A return to traffic growth - passenger numbers are almost back to pre-financial crisis levels - means a second runway is now back on the agenda at Dublin. Airport operator DAA is currently "examining the various options" regarding the delivery of a second parallel runway at Dublin airport.
"We have had a second runway on the planning horizon for decades," says Harrison, adding: "Dublin has had the land safeguarded and has had the outline plans in place to construct a runway in the same location for many, many years and that’s also enabled us to have a general planning environment where there aren’t many residential areas or the sort of urban build up around the airport that you see in other cities".

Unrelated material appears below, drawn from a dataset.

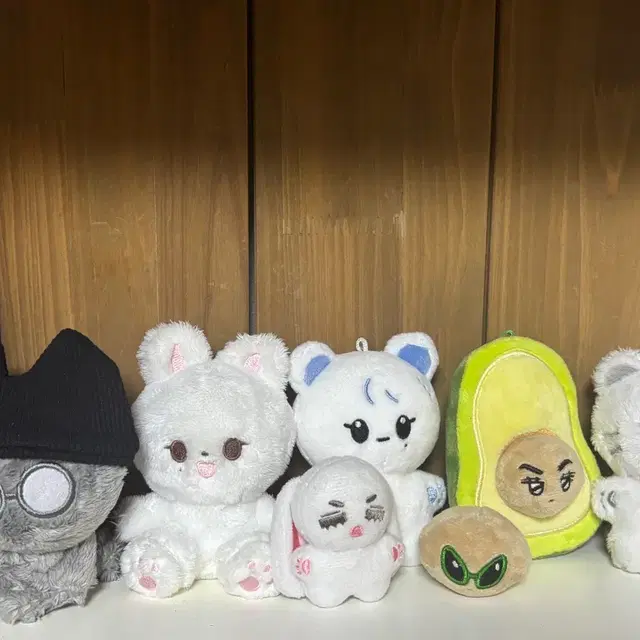 세븐틴 인형 일괄판매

Harrison says that in recent years the airport has been "focused very much on our connecting passengers through Dublin, in particular with Aer Lingus and working together to demonstrate a connecting product". The airport’s US pre-clearance facility, which allows departing passengers to clear customs before arrival, has also been a major boon for this strategy, he adds.
The case for a second runway could be made more compelling by the IAG-Aer Lingus tie up. Walsh has stated that Ireland is a "very attractive market, not just point-to-point, but across connections with [our] Latin network and transatlantic," and says there are opportunities for IAG to connect more passengers through the Irish gateway.
The airport boss says that footing the bill is "never going to be as simple as a question of airlines financing a runway or not" and notes that Ireland has an "established regulatory model in place" for funding such a project.
DAA chief executive Kevin Toland is more explicit about the advantages of expanding Dublin rather than an airport in the UK. "I think it is fair to say that it’s a very different mathematical equation than a UK runway, it’s a fraction of the cost. It’s a very different not wanting to pay out £8 to £10 billion in the UK to the sort of magnitude we have in Ireland," he says.
For ACI Europe's Jankovec the critical question now is whether the UK government has the "political courage" to make a decision and end the debate.
"The process in the UK over the last 20 years has been a failure. That’s clear," he says. "Now they came up with yet another process with the Airports Commission and that new process was meant to come to a decision. It is of course up to the government to decide and I just hope a decision is taken because the worst [scenario] would be not having any decision.
"So it’s a test in terms of ability of a government to deliver the long-term vision for the UK…it is a test in terms of the political courage of the government."